The international success of The Bureaucratic Phenomenon provided him with the reputation and the resources to found the Center for the Sociology of Organizations (CSO), a small research group of young sociologists, with whom he embarked on a new research program on French Administration and Change, and pursued the theoretical and methodological elaboration of his approach to the study of organizations. In 1977, together with Erhard Friedberg, he published L’Acteur et le système (Actors and Systems, 1981, Chicago University Press), a scientific essay that was highly influential in France and the rest of Continental Europe. In it, the authors put forth an approach to the study of organizations and other less formalized systems of action and detailed the theoretical and methodological assumptions that lie behind it. They conceptualize that organizations and systems function in a way that originates from game structures that channel and stabilize power and bargains relations between a set of strategically interdependent actors.

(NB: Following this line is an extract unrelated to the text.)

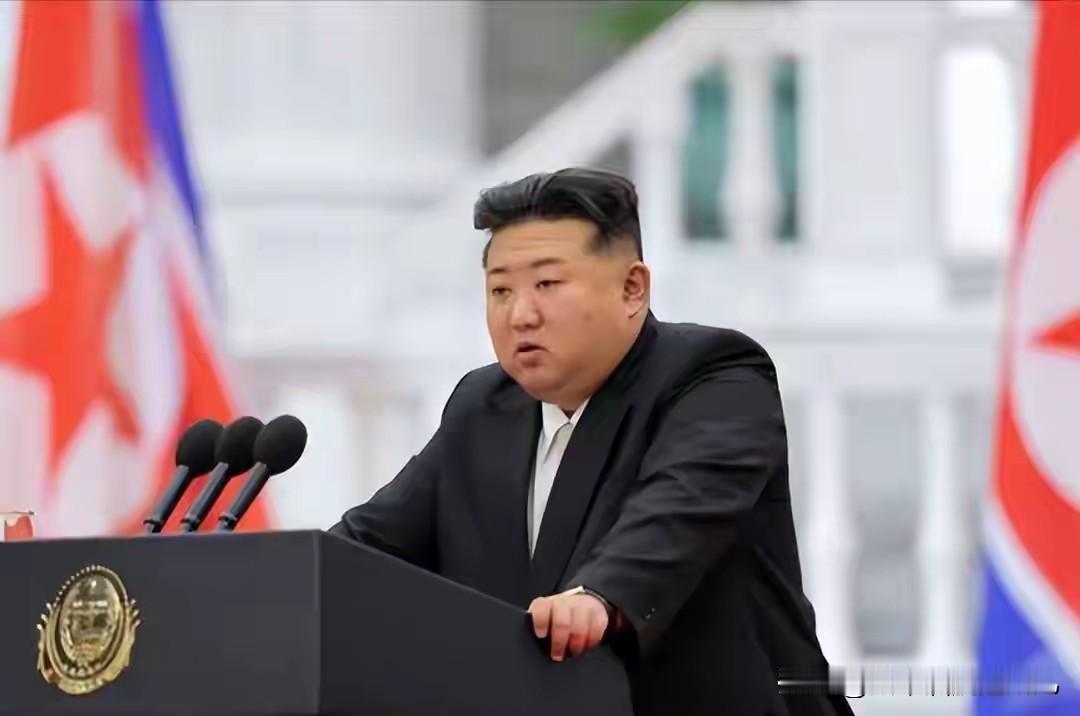 强硬信号全面释放！朝鲜选定七七事变纪念日发出重磅警示，此前12枚导弹同步开展实弹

Crozier never considered sociology and sociological theorizing as an end in itself. He never separated his sociological work from his commitment to administrative and social reform, in the service of which he published seven books and engaged in numerous consultancies and interventions. He published his autobiography in two volumes, Ma Belle Epoque (2002), and A Contre-Courant (2004).

==Honours==
- Officer of the Legion of Honour
- Commander of the Ordre national du Mérite

==Selected bibliography==
Crozier was the author of over 20 books and 80 articles, mostly written in French. This is a selection of some of his works:

===Books===
- Crozier, Michel (2010) The Bureaucratic Phenomenon (with a new introduction by Erhard Friedberg) (New Brunswick and London: Transactions Publishers, 2010). (Originally published: Chicago: University of Chicago Press, 1964)
- Crozier, Michel. L'entreprise à l'écoute : apprendre le management post-industriel (translated in Italian and Spanish) (Paris: Interéditions, 1987).
- Crozier, Michel. The Trouble with America: Why the Social System Is Breaking Down (Berkeley, CA: University of California Press, 1984).
- Crozier, Michel. Strategies for Change (Cambridge, MA: MIT Press, 1982).
- Crozier, Michel & Friedberg, Erhard. Actors and Systems (Chicago: University of Chicago Press, 1980).
- Michel Crozier, Samuel P. Huntington, and Joji Watanuki, The Crisis of Democracy: On the Governability of Democracies, New York University Press, 1975.
- Crozier, Michel. The World of the Office-Worker. (Chicago: University of Chicago Press, 1965).

===Articles===
- Organization and Collective Action. Our Contribution to Organizational Analysis (with Erhard Friedberg) in S.B. Bacharach, P., Gagliardi & P. Mundell (Eds). Research in the Sociology of Organizations. Vol. XIII, Special Issue on European Perspectives of Organizational Theory, Greenwich, CT: JAI Press, 1995) Greenwich, CT: Traduction italienne :Il Pensiero Organizzativo Europeo, Edizioni angelo Guerini e Associati, 1997.
- "The Boundaries of Business: the Changing Organization" in Harvard Business Review, July 1991, pp. 138–140.
- "The relational Boundaries of Rationality" in: K.R. Monroe (Ed.), The Economic Approach to Politics: A Critical Reassessment of the Theory of Rational Action (New York, HarperCollins, 1991), pp. 306–316.
- "Organizations as Means and Constraints of Collective Action," in: Warner, M. (éd.). Organizational Choice and Constraint (London: Publishers of Grower Press, Saxon House, 1977).